But it's an imperfect balance, she explains: "I fully admit that I feel put-upon. We have a fairly traditional division of responsibilities." In other words, Warner is the one planning and making dinners, doing laundry and picking up around the house while her husband is the one handling the upkeep of their cars, the house and the yard work.

When Warner took a closer look at how much time each partner was putting in to keeping their family life running, though, she made a discovery – they were both doing fairly equal amount of work. The work just didn't happen at the same times.

Says Warner, "The things I do are recurring. They're everyday, like laundry. But my husband does the bigger projects that don't happen all the time. We're very traditional with how we broke down our responsibilities, and we're comfortable with that."

Warner cautions that there may be times when moms feel like their family life is out of balance.
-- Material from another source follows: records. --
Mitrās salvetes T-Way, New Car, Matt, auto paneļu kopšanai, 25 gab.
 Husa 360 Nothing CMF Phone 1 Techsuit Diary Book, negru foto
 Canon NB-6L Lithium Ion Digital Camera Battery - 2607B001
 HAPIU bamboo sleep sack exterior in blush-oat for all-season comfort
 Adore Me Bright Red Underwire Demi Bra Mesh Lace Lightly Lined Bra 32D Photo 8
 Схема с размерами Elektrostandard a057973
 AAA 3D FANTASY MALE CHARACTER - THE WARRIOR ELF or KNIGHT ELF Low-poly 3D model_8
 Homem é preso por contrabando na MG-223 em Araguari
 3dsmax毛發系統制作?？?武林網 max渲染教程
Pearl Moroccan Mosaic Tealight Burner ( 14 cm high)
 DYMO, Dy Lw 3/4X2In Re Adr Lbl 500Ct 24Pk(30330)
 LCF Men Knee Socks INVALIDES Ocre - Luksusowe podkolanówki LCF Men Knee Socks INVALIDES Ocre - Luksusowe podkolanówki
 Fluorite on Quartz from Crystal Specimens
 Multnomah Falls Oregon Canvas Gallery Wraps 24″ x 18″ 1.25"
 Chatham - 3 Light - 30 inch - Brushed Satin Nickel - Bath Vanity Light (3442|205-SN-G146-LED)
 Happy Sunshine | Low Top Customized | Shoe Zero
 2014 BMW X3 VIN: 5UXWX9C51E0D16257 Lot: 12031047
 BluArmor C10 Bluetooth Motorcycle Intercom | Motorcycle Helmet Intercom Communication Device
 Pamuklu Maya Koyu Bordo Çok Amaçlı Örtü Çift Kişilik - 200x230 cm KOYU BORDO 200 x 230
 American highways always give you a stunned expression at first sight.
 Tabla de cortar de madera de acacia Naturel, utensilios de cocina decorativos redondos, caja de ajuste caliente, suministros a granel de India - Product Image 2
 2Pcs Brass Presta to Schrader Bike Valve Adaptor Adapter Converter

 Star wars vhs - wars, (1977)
In those instances, they need to carefully evaluate the situation and figure out whether it's happening all the time – or whether they're just having a bad day.

"You need to figure out what's really bothering you," suggests Warner. "Think through, Do I feel like there's an imbalance? And if so, Do I feel like it's not OK? Some days you might be the one carrying more of the load and other days your partner might be the one shouldering more of the responsibilities.

"If you just need to blow off steam, call your girlfriend. But if you really feel like there's a problem, think about how you want to approach the conversation before talking to your partner."

Be open and clear

Open communication is key, says Warner. "The best thing to do when you feel like there's an imbalance at home is to communicate openly about it, without making it emotional. Sometimes that can be hard when you're feeling overwhelmed, and I fully admit that I've approached it wrong before."

But, if possible, Warner says to start the conversation as an exploration instead of as accusations. "No one wants to continue a conversation when they feel like they're being attacked." For example, you can tell your partner, "I've been feeling overwhelmed/frustrated lately and I'm wondering if you're feeling that way too." Where the conversation goes from there depends on your needs and your spouse's.

Melanie Galambos Young admits, "I feel like I'm on duty 24 hours a day" to care for her two boys, ages 4 and 8, and run their household in Newport while her husband works on the line for an auto company. "Except for 9 a.m. to 1:30 p.m., I'm pretty much on my own. And when one of the kids wakes up in the middle of the night, I'm usually the one to deal with it because my husband has work the next day."

When she's expressed her frustrations to her husband, she says he tries to understand how he can help. The general advice is not to let the discussion become a conversation about divvying up tasks. But for Young, she explains how their conversation differs.

"My husband likes to say, 'I'm not a mind reader.' So I need to explain to him exactly what I need him to do." While these conversations don't happen very often, Young's noticed that her husband often picks up on what needs to be done around the house.

"A while ago I would have to ask him to pick up the breakfast dishes, but now he always takes care of the breakfast dishes – and sometimes he'll vacuum, too, little things like that."

While Young says she sometimes feels overwhelmed, she also feels lucky. "My husband is a wonderful man, a wonderful husband and a wonderful father. All I have to say to him is that I need this, and he does it. If he weren't like that, I think I'd go insane," laughs Young. "I think my frustrations are pretty typical for a mom."

Indeed, figuring out your own version of balance may be the real secret to finding real balance.